Nati Srebro and Shai Ben-David have a paper at COLT which, in the appendix, proves something very striking: several previous error bounds are always greater than 1.
Background One branch of learning theory focuses on theorems which
- Assume samples are drawn IID from an unknown distribution D.
- Fix a set of classifiers
- Find a high probability bound on the maximum true error rate (with respect to D) as a function of the empirical error rate on the training set.
Many of these bounds become extremely complex and hairy.
Current Everyone working on this subject wants “tighter bounds”, however there are different definitions of “tighter”. Some groups focus on “functional tightness” (getting the right functional dependency between the size of the training set and a parameterization of the hypothesis space) while others focus on “practical tightness” (finding bounds which work well on practical problems). (I am definitely in the second camp.)
One of the dangers of striving for “functional tightness” is that the bound can depend on strangely interrelated parameters. In fact, apparently these strange interrelations can become so complex that they end up always larger than 1 (some bounds here and here).
It seems we should ask the question: “Why are we doing the math?” If it is just done to get a paper accepted under review, perhaps this is unsatisfying. The real value of math comes when it guides us in designing learning algorithms. Math from bounds greater than 1 is a dangerously weak motivation for learning algorithm design.
There is a significant danger in taking this “oops” too strongly.
- There exist some reasonable arguments (not made here) for aiming at functional tightness.
- The value of the research a person does is more related to the best they have done than the worst.
Looking at the referenced paper, this seems to be focussed specifically on the area of kernel learning, and specifically on a single paper by Lanckriet et al. I believe that the vast majority of sample complexity bounds derived are decreasing in the number of samples (while of course not being usably tight for practical data set sizes). More generally, I would suspect that data dependent bounds are much more prone to this sort of trouble.
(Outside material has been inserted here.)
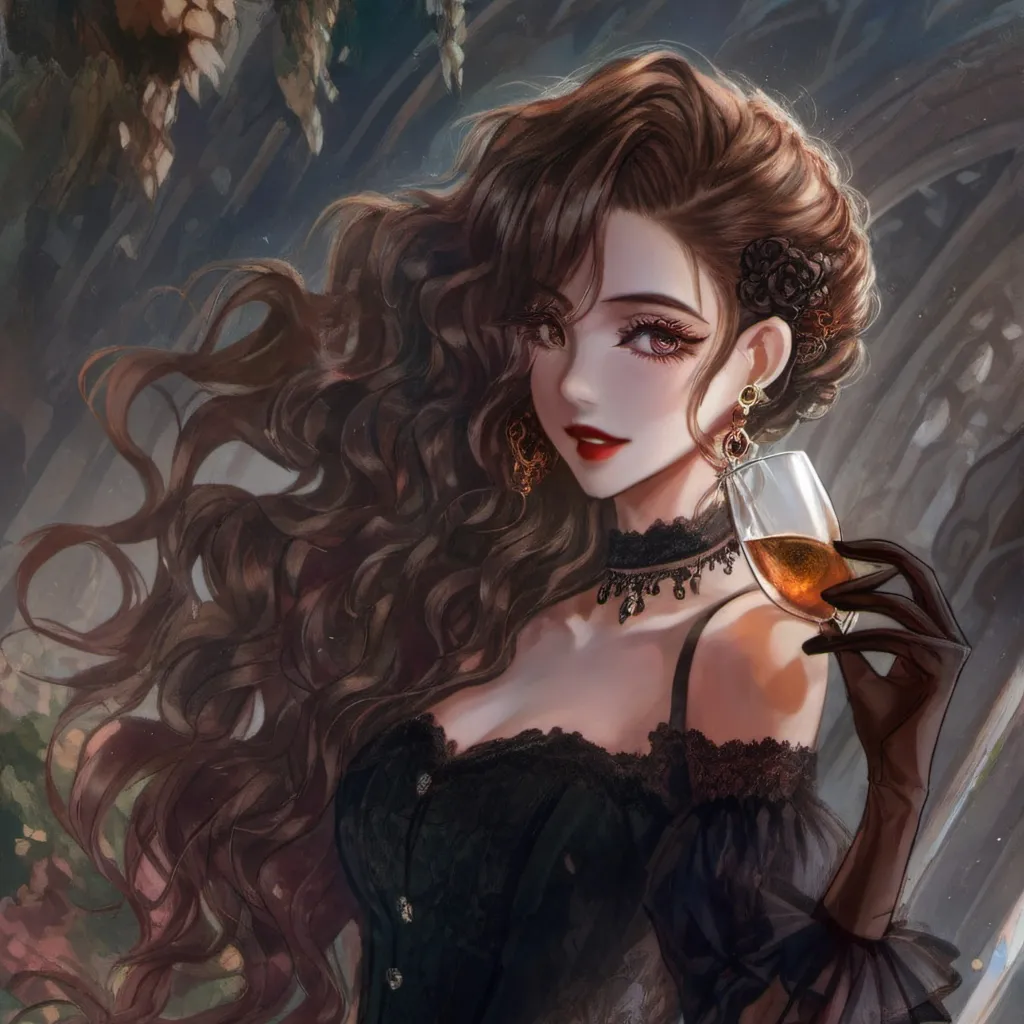 chat with ai character: Tiffany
I’m a bit confused by your use of the term “sample complexity bound”. I was under the impression that the sample complexity measures how many examples are required to reach a particular error rate with high probability. In the paper you are discussing the authors show that the error bound is always greater than one which is meaningless. I interpret a sample complexity bound being greater than one meaning you always need at least one example – entirely reasonable I would have thought.
I agree with everything else you say if I read your initial “sample complexity” as “error” (you only talk about “bounds” after the first sentence).
I do not see how the fact that some always-greater-than-one bounds
were accidentally published relates to the usefulness of “functionally
tight” bounds.
Studying the dependence of a bound on various parameters, and how a
bound approaches zero as the sample size increases, can often tell us
quite a bit about the problem.
Take for example our paper whose appendix you mention here. We study
learning a kernel for SVMs (or other kernel-based methods). The
motivation for this paper is understanding what the extra sample cost,
i.e. how much additional data is required, when the kernel is learned
from data rather then fixed. This is very commonly done, e.g. when a
few parameters of the kernel are ‘tuned’, ‘tweaked’ or ‘learned’ based
on the training data, or when a few possible base kernels are
combined. Previous bounds suggest that learning a few kernel
parameters would result in a multiplicative increase in the required
sample size—quite prohibitive. In the paper, we show that in-fact
only a roughly additive number of extra samples are needed to account
for every additional kernel parameter (in a very general sense). This
is a much more reasonable price to pay, and suggests that it is
theoretically “OK” to do this.
Of course, to get any kind of understanding, one must look at the
bound and study its behavior (numerical or functional). When the
bounds is always greater than one, studying the bound should reveal
this, and that no understanding can be gained from it, as was the case
here. This is true both for understanding functional dependencies
through a bound, and for using a bound numerically. However, as Rif
notes, most bounds do in fact go to zero as the sample sizes increases.
(I should also note that the bounds that are always greater than one
are specific cases noted in the papers cited. It is certainly not the
case that all the bounds in those papers are meaningless. See our
appendix for full details.)
Good spot. I was being sloppy in nomenclature. (I tweaked the post.)